Leaving Las Vegas will be extraordinarily hard for me. My mother and step-dad live here, as well as my grandmother and cousin. While all of Mr. MT’s family lives in Oregon, it will be a bit lonely for me. (While I have great and wonderful friends there, I’m temporarily reserving the right to be a big baby who will miss my family.)
In addition to the emotional side, the gray-skied winters can be a lot to handle. So, added to our new budget is a travel category, as we’ll be coming into Vegas quite often. If there was a way for us to spend half our time in Vegas, and half our time in Portland, that would be great, but currently that’s not possible. Something to look forward to, right?
We will have to suspend debt repayment until I get part-time work, but Mr. MT’s job should cover all of our bills, and we will be utilizing some money set aside for Nevada state bills that we won’t have in Oregon for a cushion. My profession has different educational requirements in different states, so I will probably have to incur some initial debt to cover a few classes.
Also, I now get to focus on my blog and some creative business projects. We will need a supplemental income, but I’m hoping to be able to focus on using MT tips to keep our expenses low enough and maybe etsy.
It’s time to start squeezing lemons and adding sugar.
{ 3 comments… read them below or add one }
Yeah, I think you can make some yummy, refreshing lemonaide out of this situation. Leaving home is hard, but it sounds like a wonderful opportunity! Oregon is gorgeous, so I think you are one lucky frugal family! My family is in a similar situation… it’s is tough to decide, but it is good that you guys were open so opportunities like this came to you.
Best wishes!
argh! I stop keeping up with blogs (consistently, at least) for a few weeks and everything changes up!
I’m actually thrilled that you guys will be closer! If I end up anywhere near Portland, I’ll let you know. And you guys should take a trip up to Seattle at some point!

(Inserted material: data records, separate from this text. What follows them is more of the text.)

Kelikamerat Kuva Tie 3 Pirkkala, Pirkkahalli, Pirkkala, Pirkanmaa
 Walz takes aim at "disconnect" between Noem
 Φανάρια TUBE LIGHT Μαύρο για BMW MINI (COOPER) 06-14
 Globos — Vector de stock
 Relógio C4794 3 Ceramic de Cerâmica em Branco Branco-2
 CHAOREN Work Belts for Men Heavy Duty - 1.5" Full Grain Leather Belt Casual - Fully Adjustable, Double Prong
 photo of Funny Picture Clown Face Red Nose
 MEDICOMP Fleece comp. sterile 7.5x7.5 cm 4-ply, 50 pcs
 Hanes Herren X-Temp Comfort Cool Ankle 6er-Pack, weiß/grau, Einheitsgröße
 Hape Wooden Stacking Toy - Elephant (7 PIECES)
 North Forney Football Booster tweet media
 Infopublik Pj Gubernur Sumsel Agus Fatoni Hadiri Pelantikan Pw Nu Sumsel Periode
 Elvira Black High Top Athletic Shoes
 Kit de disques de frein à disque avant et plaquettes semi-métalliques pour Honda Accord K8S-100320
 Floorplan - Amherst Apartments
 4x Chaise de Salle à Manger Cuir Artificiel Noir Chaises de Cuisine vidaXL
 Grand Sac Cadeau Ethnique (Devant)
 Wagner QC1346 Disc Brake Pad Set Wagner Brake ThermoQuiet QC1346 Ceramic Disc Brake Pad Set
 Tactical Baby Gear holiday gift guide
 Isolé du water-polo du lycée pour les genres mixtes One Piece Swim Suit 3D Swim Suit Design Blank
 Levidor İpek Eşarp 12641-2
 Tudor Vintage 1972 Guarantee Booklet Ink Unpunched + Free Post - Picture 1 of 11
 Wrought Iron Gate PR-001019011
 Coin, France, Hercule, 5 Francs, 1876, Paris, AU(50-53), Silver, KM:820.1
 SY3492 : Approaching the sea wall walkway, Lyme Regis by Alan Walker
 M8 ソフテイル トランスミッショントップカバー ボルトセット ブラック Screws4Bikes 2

On to the other side: Be a baby. It’s hard to leave your family. You have a right to be sad about it. If you don’t get it out now, and deal with those feelings, they’ll come back to haunt you later. I think we can agree that I’m a relative expert on things like this.
As for gray skies, get a lightbox. Save up if you have to. They have made a huge difference for me, even here in WA. (Given that I grew up in AK, they should be negligible, but winters still affect me.) They run $200-300 so start saving now! But they’re worth it. And I believe that if you get a doctor to suggest it, you can write it off if you itemize.
Also, don’t know if you’re considering this fact: Oregon has no sales tax. At all. That alone could save you a pretty penny!
@Jules: Thank you for your well wishes! We may be going up to Oregon, but Vegas still has my family and will definitely be my home away from home in the winter.
@Abby: Frankly, this happened so fast it really knocked me over. We do want to get up to Seattle. Hubbin and I lived in Portland before, but we never made it further north, and there’s a lot I would like to explore.
I hadn’t heard of a lightbox. My husband’s family goes tanning, but not only is that not my style, it gets expensive too. I’ll have to look up some more info. And I love that sales tax. I look at it as an 8% discount on my groceries every month.